誰說玩物一定喪志,方寸也可集千秋——西南聯大與集郵

西南聯大是一所隨全面抗戰而始終的流亡大學,先後經歷了短暫的長沙臨時大學時代和八年紮根西南邊陲詩書救國的昆明西南聯合大學時代,是中華民族文化抗戰的傑出代表。

這所大學結束流亡歷史之後,其培養的8000多名英才在祖國各地為國家貢獻智慧和力量,產生了兩位諾貝爾獎獲得者、5位國家最高科技獎獲得者、8位“兩彈一星”勳章獲得者、10位國家領導人、176位院士和一大批自然科學和人文社科領域的傑出人才,為新中國的建設發展作出了應有的貢獻。

西南聯大的成就是多方面的,而西南聯大師生的興趣愛好與他們的成就一樣,也是多方面的。

在聯大師生林林總總的興趣愛好中,集郵活動是非常突出的一方面。

無論抗戰中的西南聯大,還是與新中國共同進步的聯大人,都與集郵產生了密不可分的聯繫。

《雲南省志·卷三十五·郵電志》載曰:“抗日戰爭期間,西南聯合大學師生中有不少集郵者。”

言簡而意遠,說的一點不錯。聯大的到來,為抗戰時期的雲南集郵界又添了蓬勃的生力軍。

誰說玩物一定喪志,方寸也可集千秋——西南聯大與集郵

西南聯大校門(沈叔平攝)

談聯大的集郵,自然先得談談教師的集郵。

因為集郵也是一種相互影響的收藏活動,無論其收集各式各樣的郵票是否有投資心理,對群體性的集郵活動必然會產生或多或少的帶動與影響。

聯大的教師,各有不同的雅好,集郵自然是其中之一。

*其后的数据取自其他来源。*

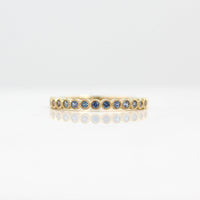 The June Florence Birthstone Wedding Band with Alexandrite in Yellow Gold against a white background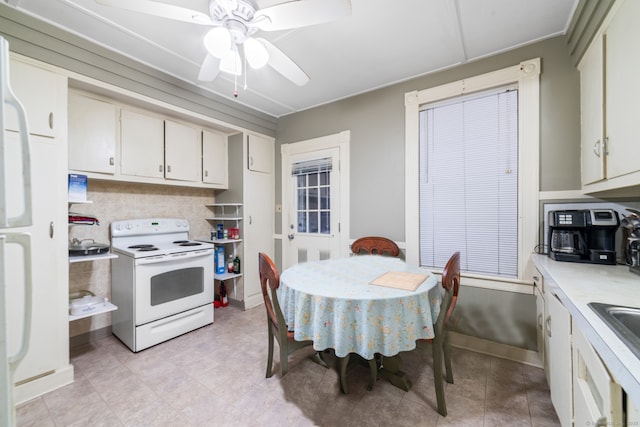 kitchen with ceiling fan, white appliances, and backsplash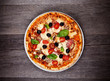 Delicious italian pizza served on wooden table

聯大教師中愛好集郵者不在少數,而其中的佼佼者,也可以數上好多位。

主持聯大校務的梅貽琦常委在音樂、詩詞、字畫、室外運動以外的愛好中,最為鍾愛的便是集郵。

天津學者羅澍偉在《梅貽琦:天津走出的清華校長》中寫道:“由於領導工作的繁忙和生活環境的惡劣,他對許多愛好只能捨棄。

只有集郵是他堅持最久的,他寫字檯抽屜裡放著幾大本集郵簿,裡面保存著各種各樣精美漂亮的中外郵票。”

他的這一愛好也影響到子女,後來在聯大從軍的機械系學生梅祖彥回憶:“我上小學時開始學集郵,喜歡和姐姐們到父親的抽屜裡去翻他的舊書信,找郵票,父親曾說過我們。但有一次我還是去翻找更好看的郵票,父親回來後雖然很生氣,但還是很平靜地問:‘上次是沒有聽見還是忘了?’我實在很想要那些郵票就說了實話,父親在我保證不再來亂翻以後又給了我幾張郵票。”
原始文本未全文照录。